SUPPLIED ENTRIES:
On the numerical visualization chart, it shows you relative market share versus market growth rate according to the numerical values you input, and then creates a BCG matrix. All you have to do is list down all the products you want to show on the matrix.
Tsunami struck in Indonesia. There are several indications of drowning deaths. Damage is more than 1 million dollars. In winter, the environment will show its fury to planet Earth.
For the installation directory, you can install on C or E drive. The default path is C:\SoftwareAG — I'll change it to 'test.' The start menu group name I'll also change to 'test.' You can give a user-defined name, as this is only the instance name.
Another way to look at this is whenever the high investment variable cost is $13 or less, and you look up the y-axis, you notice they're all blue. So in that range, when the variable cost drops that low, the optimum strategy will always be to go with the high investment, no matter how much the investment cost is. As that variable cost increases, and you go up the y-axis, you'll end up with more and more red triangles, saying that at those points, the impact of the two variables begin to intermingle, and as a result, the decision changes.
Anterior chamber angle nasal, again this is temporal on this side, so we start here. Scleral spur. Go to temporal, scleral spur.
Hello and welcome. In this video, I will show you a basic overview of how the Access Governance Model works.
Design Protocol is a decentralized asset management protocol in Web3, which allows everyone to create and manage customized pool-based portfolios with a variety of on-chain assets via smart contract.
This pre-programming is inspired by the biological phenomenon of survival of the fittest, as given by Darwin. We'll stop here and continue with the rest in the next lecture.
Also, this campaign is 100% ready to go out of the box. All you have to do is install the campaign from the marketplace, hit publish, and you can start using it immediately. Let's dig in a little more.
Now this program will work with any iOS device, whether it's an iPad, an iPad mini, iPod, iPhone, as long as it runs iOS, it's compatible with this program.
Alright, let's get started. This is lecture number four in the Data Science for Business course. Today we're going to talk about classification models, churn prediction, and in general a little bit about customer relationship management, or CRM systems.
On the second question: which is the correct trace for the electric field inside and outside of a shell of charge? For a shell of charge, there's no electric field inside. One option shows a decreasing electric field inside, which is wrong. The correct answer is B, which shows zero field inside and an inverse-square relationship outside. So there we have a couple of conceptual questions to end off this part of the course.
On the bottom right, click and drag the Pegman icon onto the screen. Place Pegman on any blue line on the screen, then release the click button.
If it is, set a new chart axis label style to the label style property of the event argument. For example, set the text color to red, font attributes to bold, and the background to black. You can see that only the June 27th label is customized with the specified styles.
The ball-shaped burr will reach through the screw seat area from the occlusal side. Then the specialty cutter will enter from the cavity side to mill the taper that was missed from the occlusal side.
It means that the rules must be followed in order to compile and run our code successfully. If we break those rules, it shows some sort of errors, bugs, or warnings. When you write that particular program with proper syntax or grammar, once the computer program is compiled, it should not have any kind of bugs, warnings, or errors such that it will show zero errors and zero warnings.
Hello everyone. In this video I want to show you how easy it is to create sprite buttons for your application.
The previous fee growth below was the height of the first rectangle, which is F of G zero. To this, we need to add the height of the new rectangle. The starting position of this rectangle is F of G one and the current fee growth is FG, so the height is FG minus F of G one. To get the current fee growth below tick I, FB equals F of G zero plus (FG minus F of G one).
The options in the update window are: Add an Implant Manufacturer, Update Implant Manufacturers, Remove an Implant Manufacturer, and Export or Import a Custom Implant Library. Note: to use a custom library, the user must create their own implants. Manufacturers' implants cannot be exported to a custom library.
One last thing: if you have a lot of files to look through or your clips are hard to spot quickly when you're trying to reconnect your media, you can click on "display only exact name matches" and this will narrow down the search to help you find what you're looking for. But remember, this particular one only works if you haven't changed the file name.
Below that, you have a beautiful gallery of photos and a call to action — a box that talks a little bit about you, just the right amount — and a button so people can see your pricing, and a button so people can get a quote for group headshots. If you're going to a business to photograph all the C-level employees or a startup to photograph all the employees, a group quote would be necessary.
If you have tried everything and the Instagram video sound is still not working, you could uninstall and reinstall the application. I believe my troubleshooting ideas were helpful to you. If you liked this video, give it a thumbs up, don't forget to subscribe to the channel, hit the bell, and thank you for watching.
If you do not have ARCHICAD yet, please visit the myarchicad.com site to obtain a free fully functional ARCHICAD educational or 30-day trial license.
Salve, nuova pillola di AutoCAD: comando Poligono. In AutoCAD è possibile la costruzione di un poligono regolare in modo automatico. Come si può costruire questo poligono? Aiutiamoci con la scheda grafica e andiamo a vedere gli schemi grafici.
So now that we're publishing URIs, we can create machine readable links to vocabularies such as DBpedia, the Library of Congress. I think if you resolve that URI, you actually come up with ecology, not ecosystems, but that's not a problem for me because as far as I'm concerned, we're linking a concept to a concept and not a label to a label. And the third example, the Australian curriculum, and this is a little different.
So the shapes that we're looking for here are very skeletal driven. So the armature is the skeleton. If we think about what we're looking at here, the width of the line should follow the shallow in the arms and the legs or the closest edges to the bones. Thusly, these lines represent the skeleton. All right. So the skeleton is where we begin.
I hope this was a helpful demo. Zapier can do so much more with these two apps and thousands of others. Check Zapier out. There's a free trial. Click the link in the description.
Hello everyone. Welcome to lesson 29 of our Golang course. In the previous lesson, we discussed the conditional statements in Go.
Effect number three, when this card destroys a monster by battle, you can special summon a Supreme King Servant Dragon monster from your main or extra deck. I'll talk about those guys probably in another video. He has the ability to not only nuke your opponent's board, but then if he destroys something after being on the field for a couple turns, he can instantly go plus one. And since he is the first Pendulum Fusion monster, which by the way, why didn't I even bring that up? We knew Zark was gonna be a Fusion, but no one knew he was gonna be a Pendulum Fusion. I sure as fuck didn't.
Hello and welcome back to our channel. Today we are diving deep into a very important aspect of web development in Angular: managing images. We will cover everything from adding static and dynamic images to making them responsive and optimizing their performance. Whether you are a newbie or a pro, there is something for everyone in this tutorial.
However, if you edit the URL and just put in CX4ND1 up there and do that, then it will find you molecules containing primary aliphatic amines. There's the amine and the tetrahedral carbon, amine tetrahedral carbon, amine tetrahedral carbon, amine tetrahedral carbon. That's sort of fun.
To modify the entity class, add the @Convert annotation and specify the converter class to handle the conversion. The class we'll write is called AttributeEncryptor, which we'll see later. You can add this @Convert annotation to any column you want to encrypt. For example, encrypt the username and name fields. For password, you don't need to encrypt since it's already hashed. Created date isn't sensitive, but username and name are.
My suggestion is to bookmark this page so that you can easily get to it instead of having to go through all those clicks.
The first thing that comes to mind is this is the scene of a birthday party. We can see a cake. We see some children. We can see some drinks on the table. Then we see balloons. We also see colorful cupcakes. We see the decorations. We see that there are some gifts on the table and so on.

PROBLEM DESCRIPTION:
Lines holding the word "need" should be copied from the entries above.

EXERCISE RESULT:
The previous fee growth below was the height of the first rectangle, which is F of G zero. To this, we need to add the height of the new rectangle. The starting position of this rectangle is F of G one and the current fee growth is FG, so the height is FG minus F of G one. To get the current fee growth below tick I, FB equals F of G zero plus (FG minus F of G one).
To modify the entity class, add the @Convert annotation and specify the converter class to handle the conversion. The class we'll write is called AttributeEncryptor, which we'll see later. You can add this @Convert annotation to any column you want to encrypt. For example, encrypt the username and name fields. For password, you don't need to encrypt since it's already hashed. Created date isn't sensitive, but username and name are.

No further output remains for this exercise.